# [Information supplied]
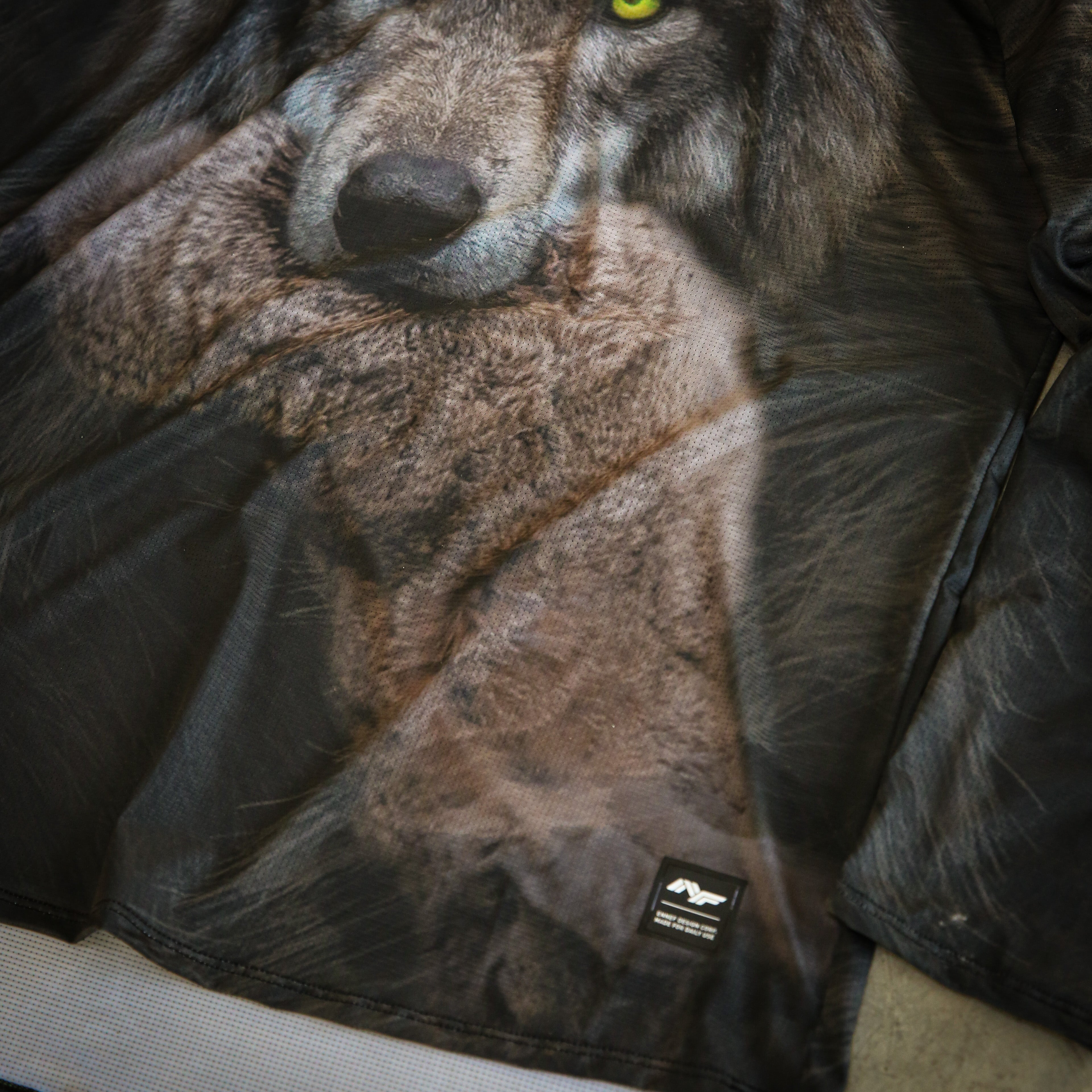 NF Quikstrike No. 50 - FLOWWOLF III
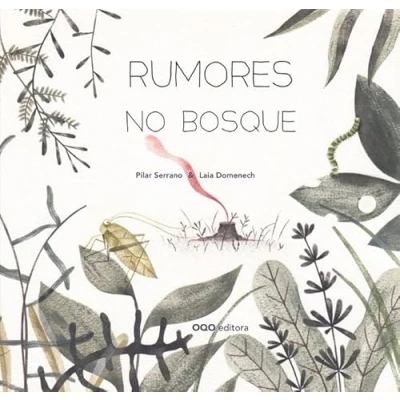 Imagen de Rumores no bosque (Colección O)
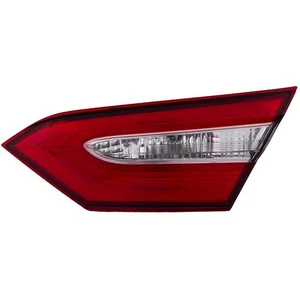 Passenger Side CAPA Halogen Tail Light fits TOYOTA 18-20 CAMRY L LE HYBRID LE - Picture 1 of 3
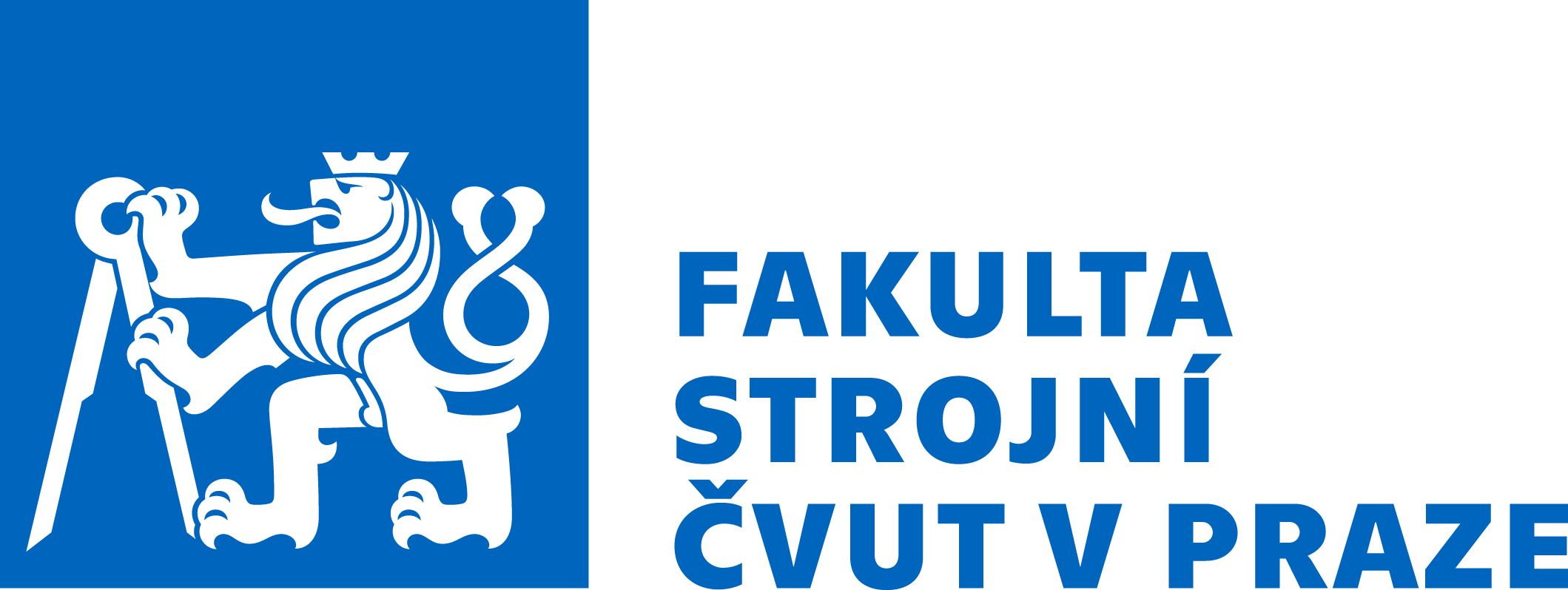 Logo
                                školy Fakulta strojní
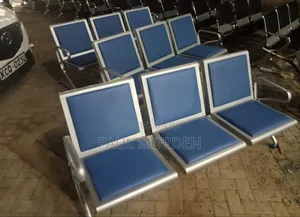 Heavy Reception Office Chair
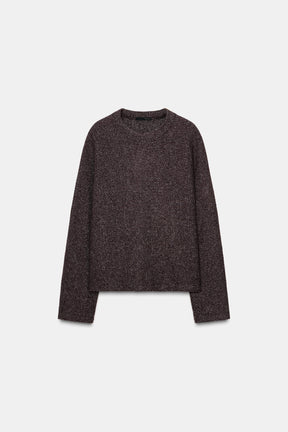 Langarm-Sweatshirt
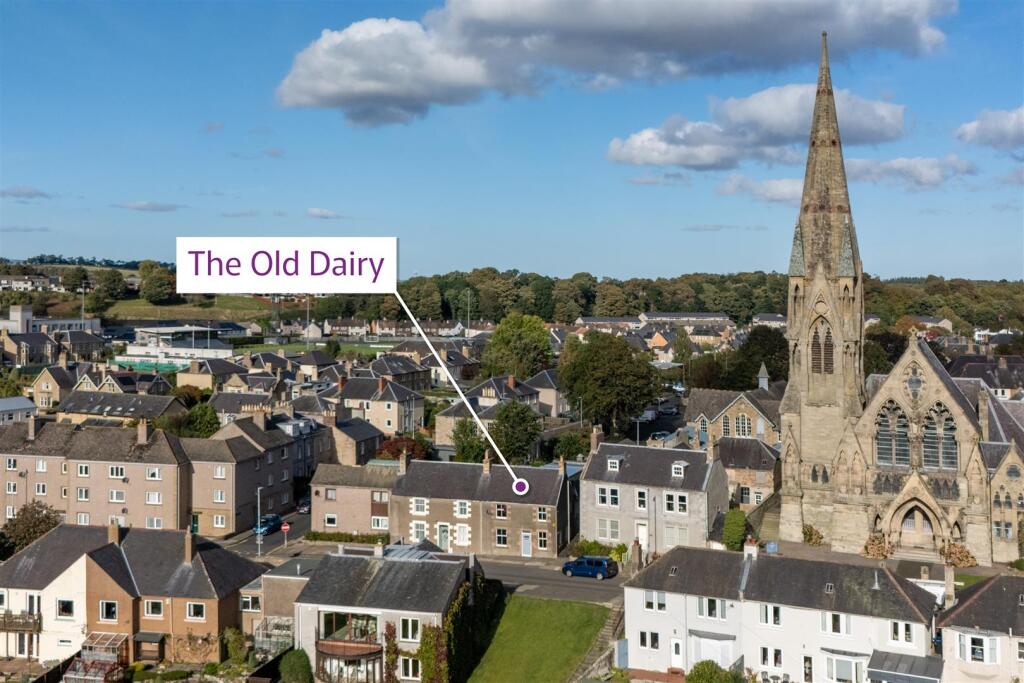 Main image of property: The Old Dairy - Workshop, Yard & Development Potential TD5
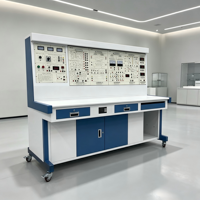 Plateforme de formation en électronique de puissance haute performance et à architecture modulaire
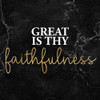 Faithfulness 2 by Kimberly Allen (24 x 24)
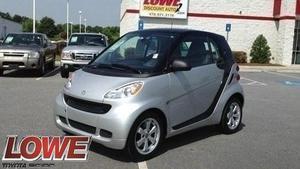 smart fortwo passion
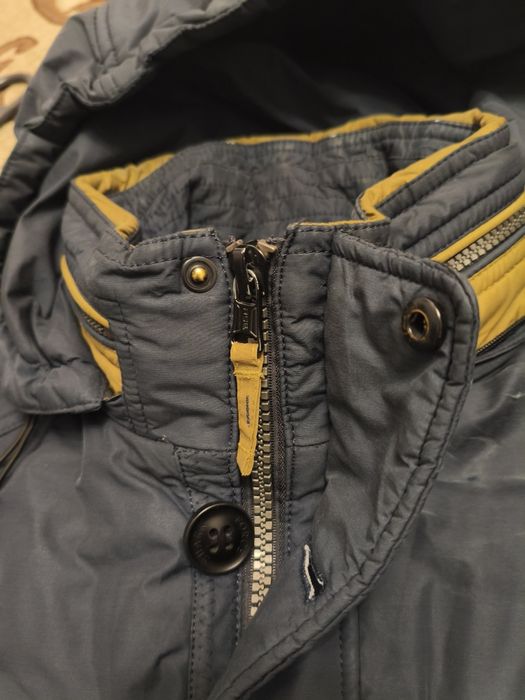 Зимова чоловіча куртка Shark Force. Куртка на еврозиму. Розмір 48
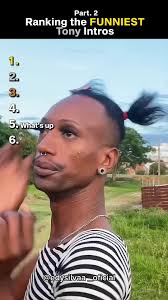 Tony Funny Videos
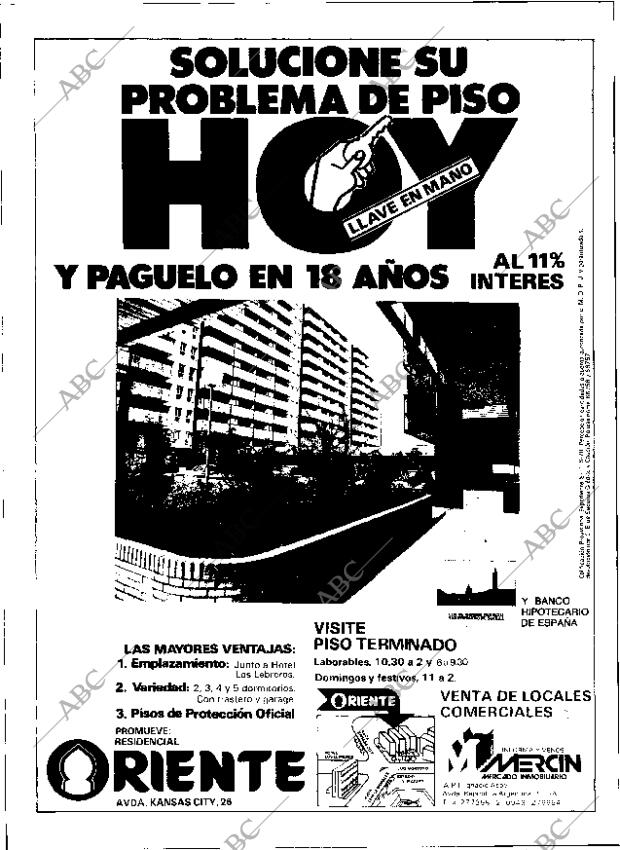 ABC SEVILLA 23-07-1983 página 8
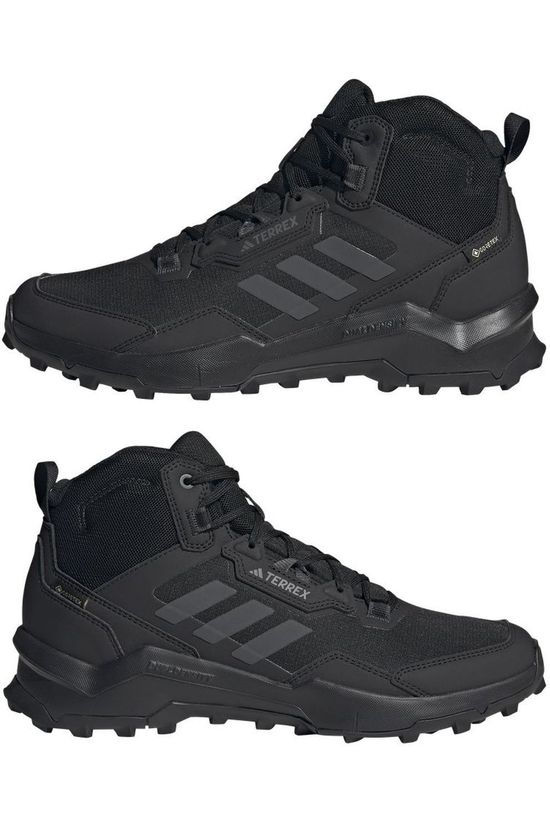 adidas Schoen Terrex Ax4 Mid Gore-Tex Core Black/Carbon Grey/Grey Four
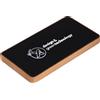 SCX.Design Power bank in legno personalizzato SCX.design P35 5000 mAh personalizzate o neutre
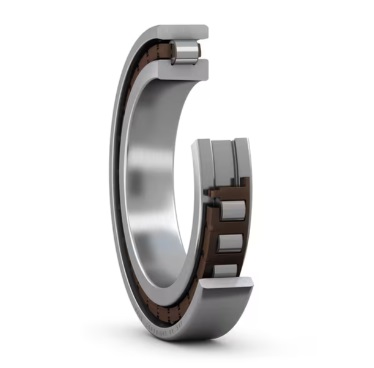 N 1018 KTN9/SP bore 90 mm, Cylindrical roller bearing, single row, super-precision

# [Task description]
Once the line containing "ABC SEVILLA 23-07-1983 página 8" has been located, transcribe exactly and only every line from the first line of the entries through it, excluding pictures.

# [Task output]
 NF Quikstrike No. 50 - FLOWWOLF III
 Imagen de Rumores no bosque (Colección O)
 Passenger Side CAPA Halogen Tail Light fits TOYOTA 18-20 CAMRY L LE HYBRID LE - Picture 1 of 3
 Logo
                                školy Fakulta strojní
 Heavy Reception Office Chair
 Langarm-Sweatshirt
 Main image of property: The Old Dairy - Workshop, Yard & Development Potential TD5
 Plateforme de formation en électronique de puissance haute performance et à architecture modulaire
 Faithfulness 2 by Kimberly Allen (24 x 24)
 smart fortwo passion
 Зимова чоловіча куртка Shark Force. Куртка на еврозиму. Розмір 48
 Tony Funny Videos
 ABC SEVILLA 23-07-1983 página 8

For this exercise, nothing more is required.